8.3では更新可能カーソルが使えるようになった。従来、PostgreSQLのカーソルは「更新不可能」だったのである。
次の例を見ていただきたい。
BEGIN;
DECLARE c CURSOR FOR SELECT * FROM T1;
FETCH 2 FROM c;
i | j
---+-----
1 | foo
2 | bar
(2 rows)
この状態で1行削除する。
DELETE FROM t1 WHERE i = 1;
しかし、カーソルを使って確認すると、削除されていないように見える。これがPostgreSQLのカーソルが「更新不可能」と言われる理由である。
MOVE BACKWARD ALL IN c;
FETCH ALL FROM c;
i | j
---+-----
1 | foo
2 | bar
(2 rows)
もちろん、実際には削除されており、SELECT文で確認できる。
SELECT * FROM t1;
i | j
---+-----
1 | foo
(1 row)
これに対して8.3では、FOR UPDATEをカーソル宣言に付与することにより、カーソルを更新可能にできる。
BEGIN;
DECLARE c CURSOR FOR SELECT * FROM T1 FOR UPDATE;
FETCH 2 FROM c;
i | j
---+-----
1 | foo
2 | bar
(2 rows)
ここで1行削除してみる。ちなみに、「WHERE CURRENT OF」は8.3で導入された構文で、カーソルが指す現在行を指定する。
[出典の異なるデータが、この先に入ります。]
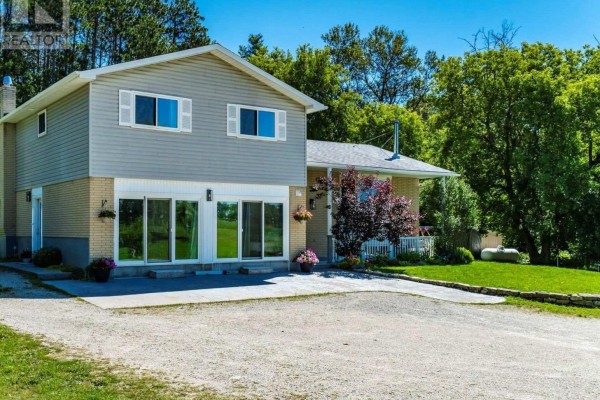 Close-up side view of the house with a white porch, red-brick base, and large glass doors. - 8231 56 County Road, Essa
DELETE FROM t1 WHERE CURRENT OF c;
カーソルからも削除されていることが確認できる。
MOVE BACKWARD ALL IN c;
FETCH ALL FROM c;
i | j
---+-----
1 | foo
(1 rows)
更新可能カーソルが使えるようになったことにより、カーソルの扱いに関しては商用DBからの移行が格段に楽になったと言える。